* Pictures with short captions:
□ □ □ □ □
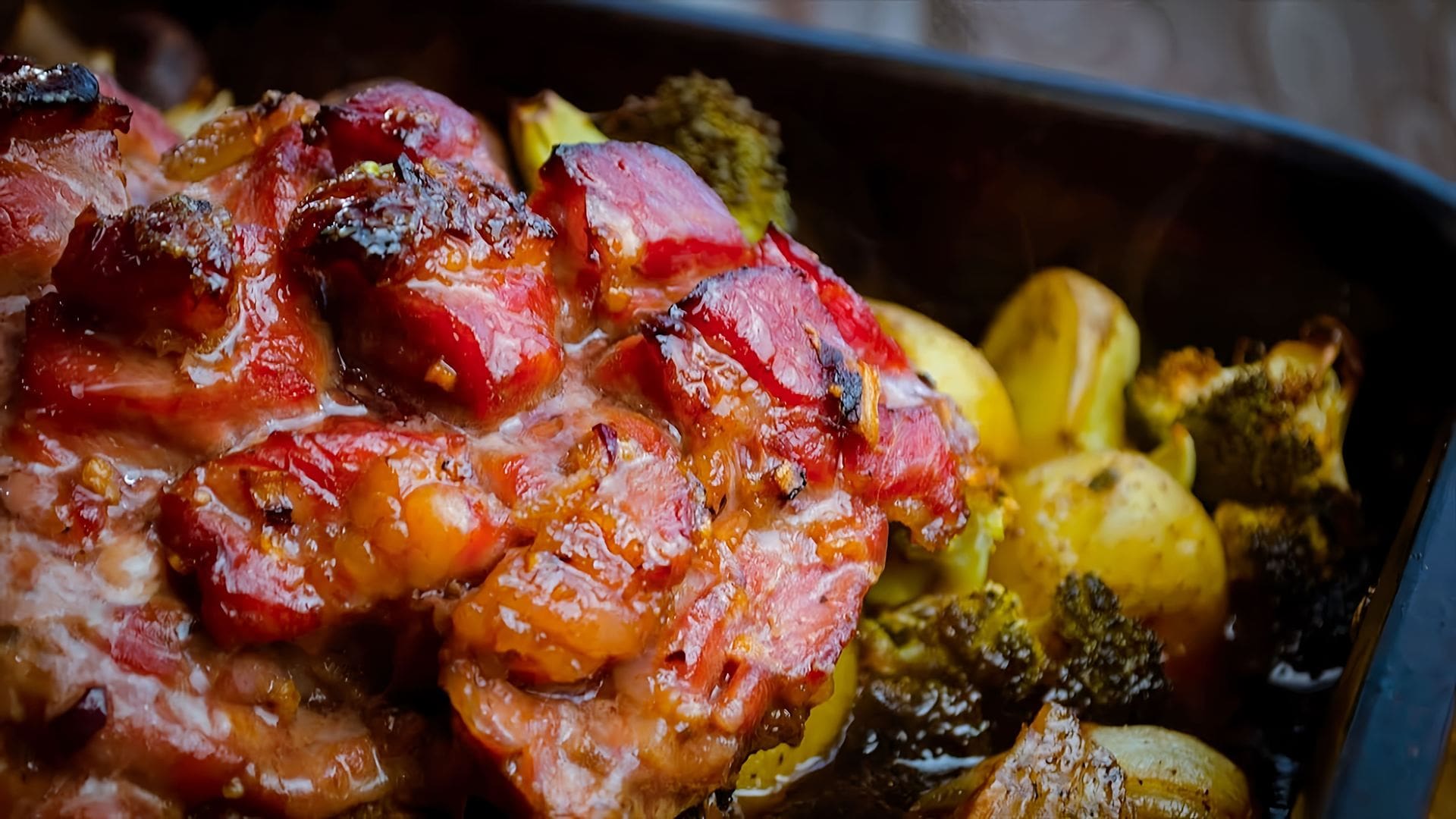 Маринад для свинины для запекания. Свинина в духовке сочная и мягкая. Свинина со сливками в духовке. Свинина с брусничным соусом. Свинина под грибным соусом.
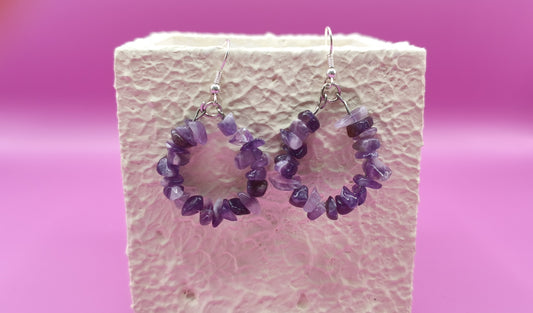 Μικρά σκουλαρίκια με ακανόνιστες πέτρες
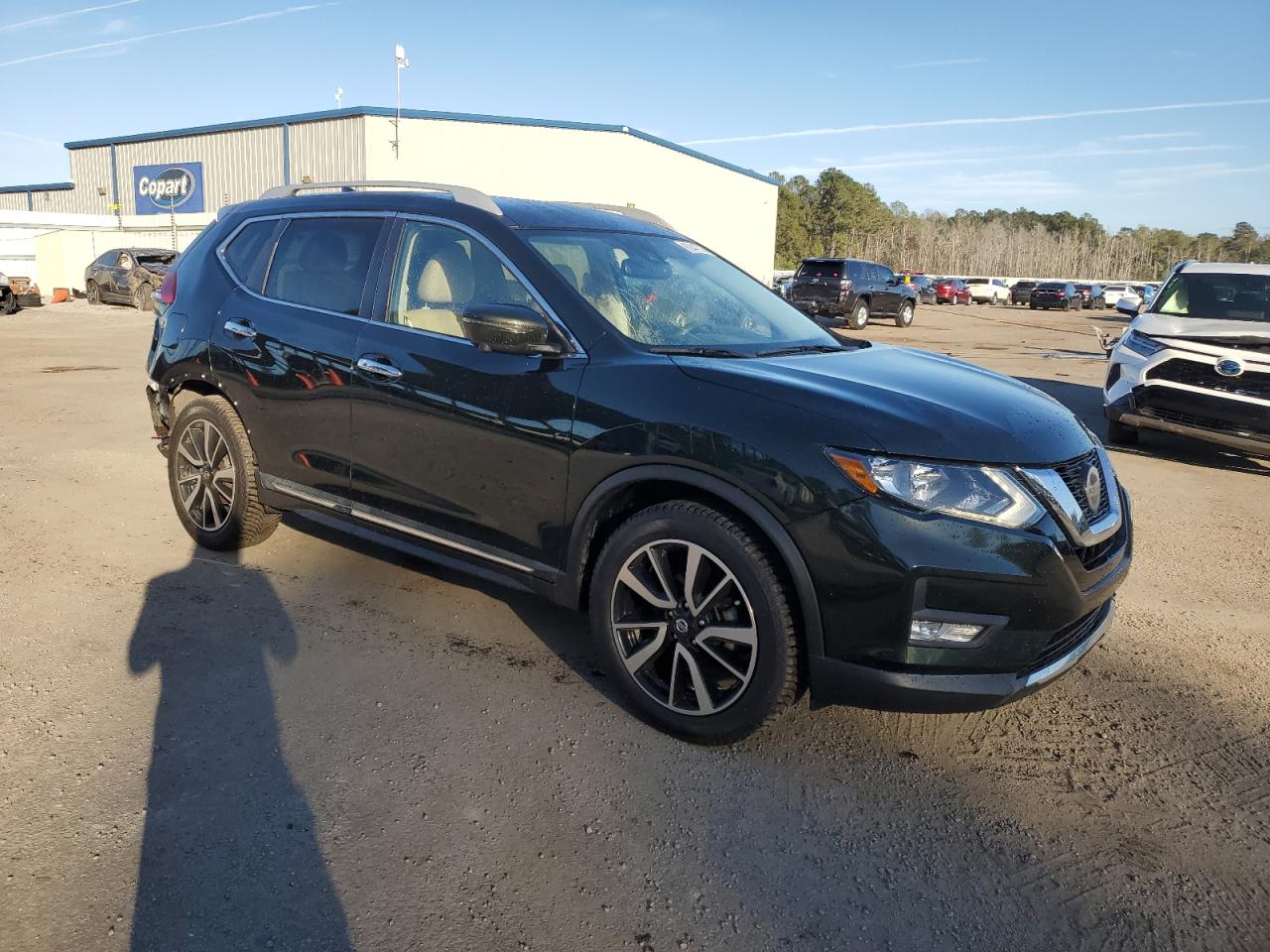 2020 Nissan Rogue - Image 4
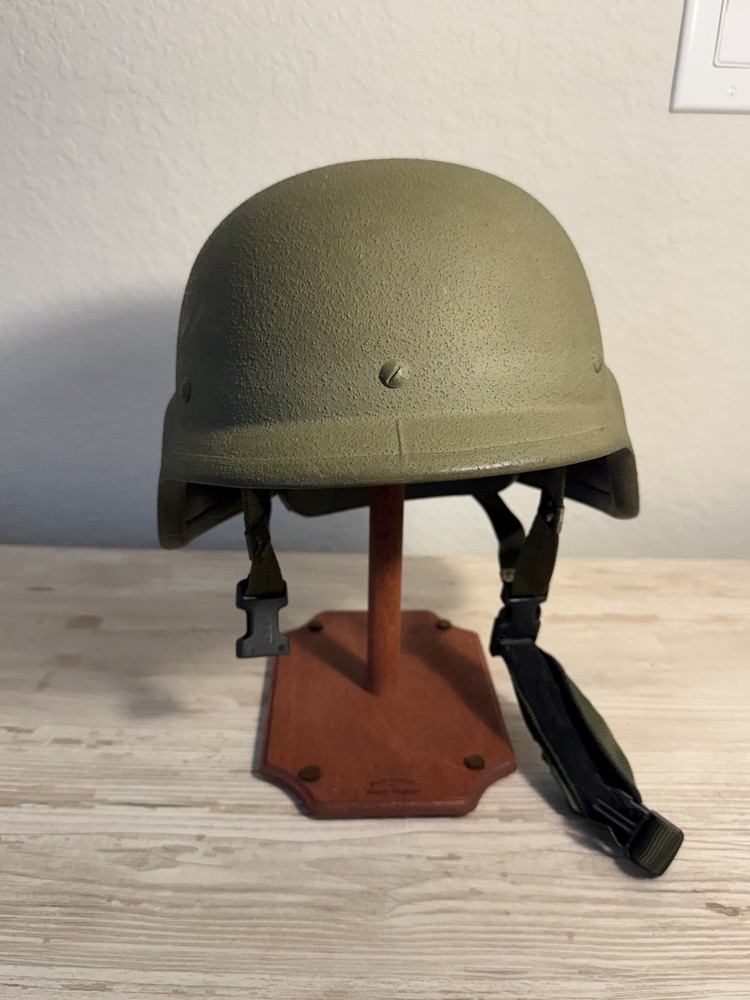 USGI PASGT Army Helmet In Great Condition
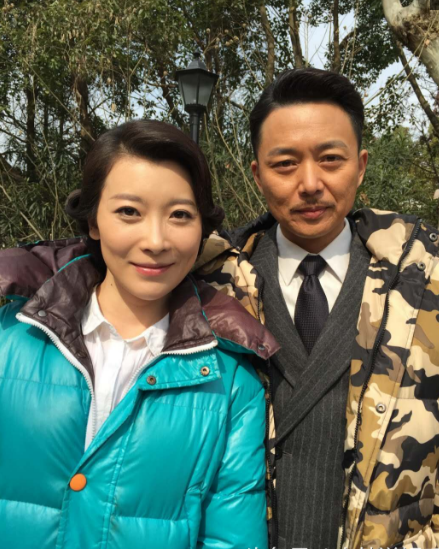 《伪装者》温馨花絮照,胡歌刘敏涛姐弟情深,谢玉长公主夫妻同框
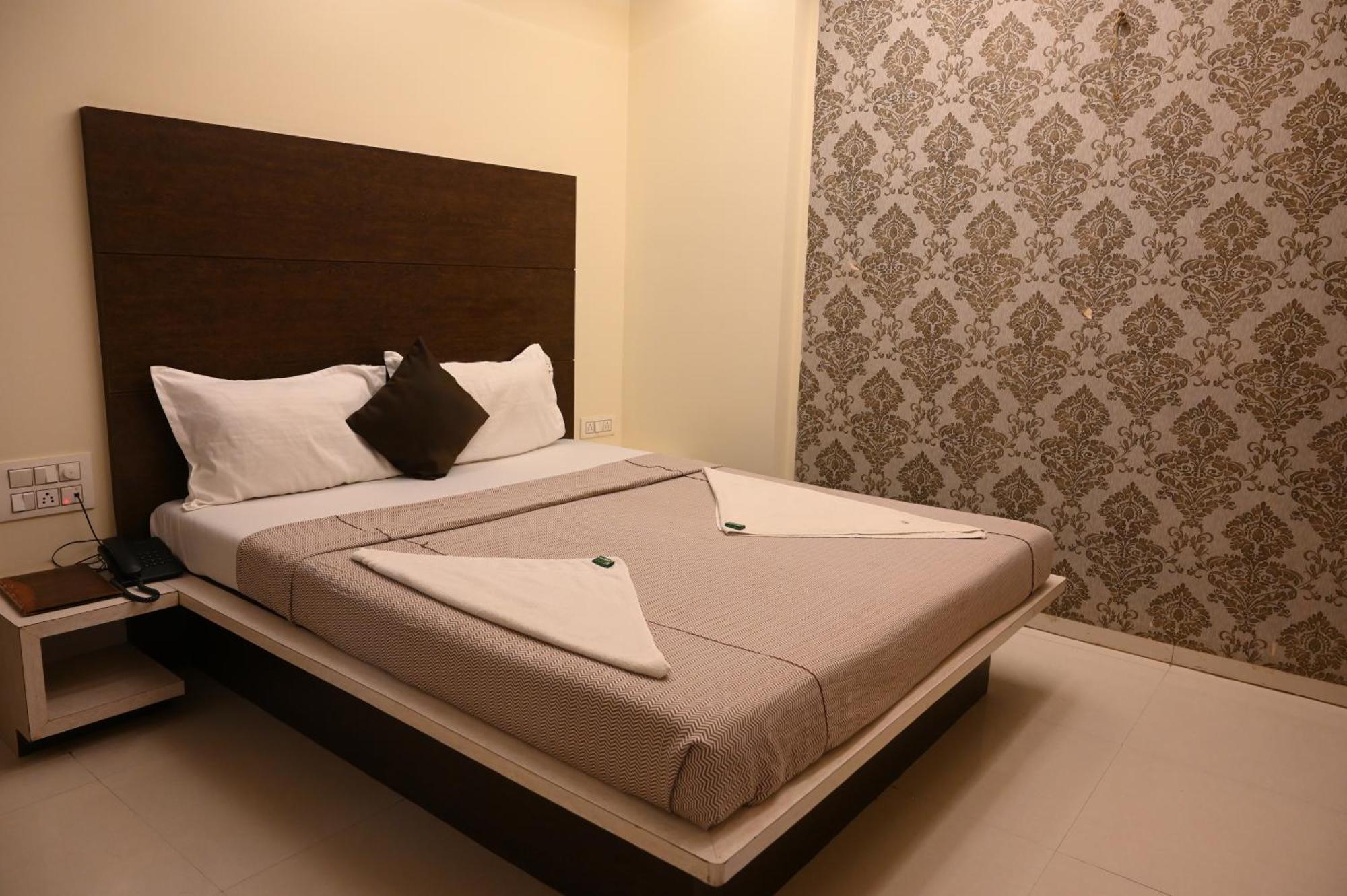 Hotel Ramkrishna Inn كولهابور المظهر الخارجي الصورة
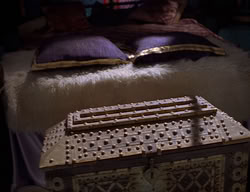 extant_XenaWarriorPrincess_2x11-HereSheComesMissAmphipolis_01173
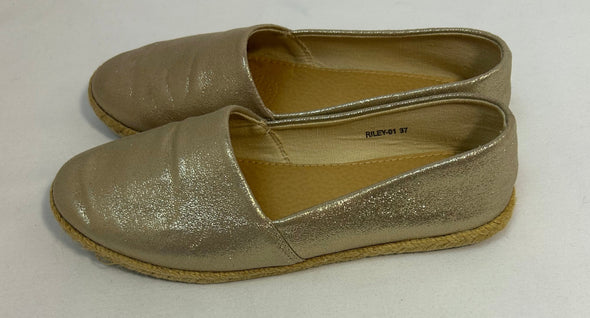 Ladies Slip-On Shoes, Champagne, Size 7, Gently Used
□ □ □ □ □
* YOUR GOAL: Your copy should hold exactly the lines from the one with "USGI PASGT Army Helmet In Great Condition" through the end of the records, both included, and no pictures.

* ANSWER BELOW:
 USGI PASGT Army Helmet In Great Condition
 《伪装者》温馨花絮照,胡歌刘敏涛姐弟情深,谢玉长公主夫妻同框
 Hotel Ramkrishna Inn كولهابور المظهر الخارجي الصورة
 extant_XenaWarriorPrincess_2x11-HereSheComesMissAmphipolis_01173
 Ladies Slip-On Shoes, Champagne, Size 7, Gently Used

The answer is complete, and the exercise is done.